| Earlier today I wrote about how the end of the session usually brings us all manner of truly bad legislation, amendments so narrowly written so as to benefit only certain interests, industries or individuals, language so precise they are literally referred to as "contracts."
Well here is a perfect illustration of that shameful phenomena, an illustration showing how we give sweet deals to those with enough money to buy a couple legislators to slip this stuff in. In an ironic twist, we are giving tax breaks to a billionaire real estate developer, and him alone, in a bill to eliminate tax breaks to billionaire real estate developers.
Nice work if you can get it...
Albany 421-a Reform Bill Hands
One-of-a-Kind, Special Favors to Forest City Ratner
Bruce Ratner's Atlantic Yards Project Would Be The Only Project to
Receive Tax Breaks for Luxury Condos Under Bill
Bruce Ratner is about to join his own exclusive developer's club, once again at taxpayer expense.

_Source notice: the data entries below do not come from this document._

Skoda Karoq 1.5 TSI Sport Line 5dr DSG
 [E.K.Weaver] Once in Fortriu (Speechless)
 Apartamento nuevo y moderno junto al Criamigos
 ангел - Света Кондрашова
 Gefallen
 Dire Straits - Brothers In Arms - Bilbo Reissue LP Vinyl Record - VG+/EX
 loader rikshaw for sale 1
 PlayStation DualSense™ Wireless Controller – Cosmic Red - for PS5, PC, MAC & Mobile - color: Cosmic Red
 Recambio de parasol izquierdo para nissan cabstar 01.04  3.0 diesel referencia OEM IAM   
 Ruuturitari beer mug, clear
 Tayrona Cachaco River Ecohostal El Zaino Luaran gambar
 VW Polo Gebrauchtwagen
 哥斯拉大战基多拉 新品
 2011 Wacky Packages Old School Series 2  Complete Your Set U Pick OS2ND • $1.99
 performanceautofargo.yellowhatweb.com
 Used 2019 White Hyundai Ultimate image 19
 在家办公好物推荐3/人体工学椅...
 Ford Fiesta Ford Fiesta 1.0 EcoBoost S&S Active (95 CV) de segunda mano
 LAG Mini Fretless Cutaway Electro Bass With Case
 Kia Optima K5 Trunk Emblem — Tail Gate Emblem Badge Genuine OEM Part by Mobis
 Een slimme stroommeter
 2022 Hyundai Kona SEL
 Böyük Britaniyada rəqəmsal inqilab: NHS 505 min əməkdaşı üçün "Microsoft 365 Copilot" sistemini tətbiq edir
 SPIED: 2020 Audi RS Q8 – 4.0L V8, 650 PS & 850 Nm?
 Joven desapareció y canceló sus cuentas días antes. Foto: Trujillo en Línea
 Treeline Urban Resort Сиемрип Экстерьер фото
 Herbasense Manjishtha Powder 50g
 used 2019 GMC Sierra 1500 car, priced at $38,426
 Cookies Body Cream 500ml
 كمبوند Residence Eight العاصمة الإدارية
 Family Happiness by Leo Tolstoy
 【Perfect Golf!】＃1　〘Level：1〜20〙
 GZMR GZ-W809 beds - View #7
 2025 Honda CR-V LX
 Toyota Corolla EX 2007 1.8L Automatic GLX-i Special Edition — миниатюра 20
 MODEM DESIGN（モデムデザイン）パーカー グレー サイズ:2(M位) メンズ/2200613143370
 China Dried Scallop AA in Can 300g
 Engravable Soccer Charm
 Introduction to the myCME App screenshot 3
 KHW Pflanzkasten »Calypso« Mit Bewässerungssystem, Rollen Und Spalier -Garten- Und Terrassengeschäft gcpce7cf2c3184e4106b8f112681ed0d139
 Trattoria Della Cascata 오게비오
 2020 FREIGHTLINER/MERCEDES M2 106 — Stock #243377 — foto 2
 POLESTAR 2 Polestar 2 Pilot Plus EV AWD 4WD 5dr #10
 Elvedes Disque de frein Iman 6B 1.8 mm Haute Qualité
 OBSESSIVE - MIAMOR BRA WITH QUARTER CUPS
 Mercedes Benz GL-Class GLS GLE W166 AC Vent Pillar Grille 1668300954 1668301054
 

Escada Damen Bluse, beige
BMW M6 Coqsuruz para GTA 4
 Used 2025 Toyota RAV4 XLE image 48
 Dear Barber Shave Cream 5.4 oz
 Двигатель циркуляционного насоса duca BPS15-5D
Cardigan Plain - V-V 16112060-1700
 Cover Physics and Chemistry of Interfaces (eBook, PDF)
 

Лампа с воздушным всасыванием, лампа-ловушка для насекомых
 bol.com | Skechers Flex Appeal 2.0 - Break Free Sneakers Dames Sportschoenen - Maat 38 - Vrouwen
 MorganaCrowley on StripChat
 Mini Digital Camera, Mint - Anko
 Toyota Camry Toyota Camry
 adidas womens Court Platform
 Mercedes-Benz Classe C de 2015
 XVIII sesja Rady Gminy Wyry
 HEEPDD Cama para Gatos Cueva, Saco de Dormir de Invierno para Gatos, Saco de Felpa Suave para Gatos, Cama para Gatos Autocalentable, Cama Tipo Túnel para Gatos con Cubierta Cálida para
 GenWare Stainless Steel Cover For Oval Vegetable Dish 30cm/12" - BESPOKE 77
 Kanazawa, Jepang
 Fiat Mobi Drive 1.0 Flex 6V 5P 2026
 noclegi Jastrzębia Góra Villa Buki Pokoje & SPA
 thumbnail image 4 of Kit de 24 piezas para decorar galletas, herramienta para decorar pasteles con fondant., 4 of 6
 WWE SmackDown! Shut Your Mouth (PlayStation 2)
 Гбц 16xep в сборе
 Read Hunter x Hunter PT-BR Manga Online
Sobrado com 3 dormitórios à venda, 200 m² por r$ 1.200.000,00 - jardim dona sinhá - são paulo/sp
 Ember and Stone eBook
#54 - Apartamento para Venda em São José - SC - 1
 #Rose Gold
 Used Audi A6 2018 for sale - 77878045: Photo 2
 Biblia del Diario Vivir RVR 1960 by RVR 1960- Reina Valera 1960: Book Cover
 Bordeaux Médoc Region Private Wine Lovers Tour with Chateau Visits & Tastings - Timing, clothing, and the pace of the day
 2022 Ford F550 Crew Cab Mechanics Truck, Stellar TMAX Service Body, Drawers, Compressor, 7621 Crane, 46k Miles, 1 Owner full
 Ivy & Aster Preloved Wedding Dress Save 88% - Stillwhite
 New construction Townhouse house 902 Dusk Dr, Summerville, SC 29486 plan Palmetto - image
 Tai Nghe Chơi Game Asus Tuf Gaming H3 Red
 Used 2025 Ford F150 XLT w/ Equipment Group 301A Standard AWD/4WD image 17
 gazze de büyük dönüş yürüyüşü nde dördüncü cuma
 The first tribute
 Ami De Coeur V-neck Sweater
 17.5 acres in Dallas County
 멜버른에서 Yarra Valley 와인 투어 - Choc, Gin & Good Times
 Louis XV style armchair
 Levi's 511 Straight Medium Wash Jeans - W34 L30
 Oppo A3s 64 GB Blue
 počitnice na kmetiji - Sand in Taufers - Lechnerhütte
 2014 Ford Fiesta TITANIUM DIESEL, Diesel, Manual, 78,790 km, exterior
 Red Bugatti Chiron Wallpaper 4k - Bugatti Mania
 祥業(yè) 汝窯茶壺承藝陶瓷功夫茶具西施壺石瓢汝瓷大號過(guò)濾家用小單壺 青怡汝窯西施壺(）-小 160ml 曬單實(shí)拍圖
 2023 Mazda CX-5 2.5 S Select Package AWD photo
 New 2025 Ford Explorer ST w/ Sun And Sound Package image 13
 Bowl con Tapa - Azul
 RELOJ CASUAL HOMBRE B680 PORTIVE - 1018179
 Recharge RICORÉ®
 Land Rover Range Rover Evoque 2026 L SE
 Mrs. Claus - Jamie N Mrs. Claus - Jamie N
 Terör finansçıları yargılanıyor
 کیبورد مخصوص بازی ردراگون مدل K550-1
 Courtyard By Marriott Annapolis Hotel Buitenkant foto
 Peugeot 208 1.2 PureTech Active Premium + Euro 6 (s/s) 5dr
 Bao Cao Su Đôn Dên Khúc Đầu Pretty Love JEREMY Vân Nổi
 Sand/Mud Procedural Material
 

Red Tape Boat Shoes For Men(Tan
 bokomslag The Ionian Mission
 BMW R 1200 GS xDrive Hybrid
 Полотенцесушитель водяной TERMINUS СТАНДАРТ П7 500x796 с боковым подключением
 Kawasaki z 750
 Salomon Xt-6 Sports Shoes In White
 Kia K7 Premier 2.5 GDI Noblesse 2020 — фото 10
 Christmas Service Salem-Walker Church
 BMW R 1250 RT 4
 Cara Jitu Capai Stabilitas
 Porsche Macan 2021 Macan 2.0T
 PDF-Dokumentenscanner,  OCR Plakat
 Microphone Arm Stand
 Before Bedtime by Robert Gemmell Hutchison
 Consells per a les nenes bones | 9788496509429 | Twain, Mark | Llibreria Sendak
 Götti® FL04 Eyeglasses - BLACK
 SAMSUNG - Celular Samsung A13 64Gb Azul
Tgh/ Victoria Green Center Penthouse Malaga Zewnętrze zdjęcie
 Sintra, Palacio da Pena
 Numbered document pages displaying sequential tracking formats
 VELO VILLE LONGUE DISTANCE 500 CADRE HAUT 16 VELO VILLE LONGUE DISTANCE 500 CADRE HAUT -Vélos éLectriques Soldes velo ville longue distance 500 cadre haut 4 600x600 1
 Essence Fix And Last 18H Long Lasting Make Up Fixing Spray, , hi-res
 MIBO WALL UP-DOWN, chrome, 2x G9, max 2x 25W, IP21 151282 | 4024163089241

Forest City Ratner has often claimed that it's not getting anything that any other developer can't get. That was never the case, but now the development firm has positioned itself to get something that no other developer is getting.
Albany is creating a special loophole exclusively for Forest City Ratner's Atlantic Yards project as part of its bill "reforming" the 421-a tax breaks for development originally enacted in 1971. With this special legislation Forest City Ratner's market-rate luxury condominiums will be the only such units in the entire reform zone receiving the 421-a tax break, saving the developer untold millions.
"This is the cherry on top of all of the special treatment and sweetheart deals Forest City Ratner has been gifted for its Atlantic Yards project. This exclusive clause in the 421-a reform bill, benefiting Bruce Ratner alone, is an astounding example of absolute governmental favoritism, at odds with the very principles for which the reform bill is supposed to stand," said Develop Don't Destroy Brooklyn (DDDB) spokesman, Daniel Goldstein. "There is no valid justification for this favoritism, and clearly there has been an utter lack of transparency in the decision to award one developer a special corporate-welfare package. Is there any end to the favoritism and backroom dealing that consistently benefits Bruce Ratner? Will Governor Spitzer choose to allow passage of such backroom special dealing? "
The special clause within the reform bill does not specifically name the Atlantic Yards project but rather describes "a multi-phase project that includes at least 2,500 dwelling units and (i) being implemented pursuant to a General Project Plan adopted by the New York State Urban Development Corporation and approved by Public Authorities Control Board." There is only one such project in the state fitting that description, and that's Atlantic Yards. Forest City Ratner is also seeking an extraordinary $1.4 billion in government backed, tax-exempt housing bonds.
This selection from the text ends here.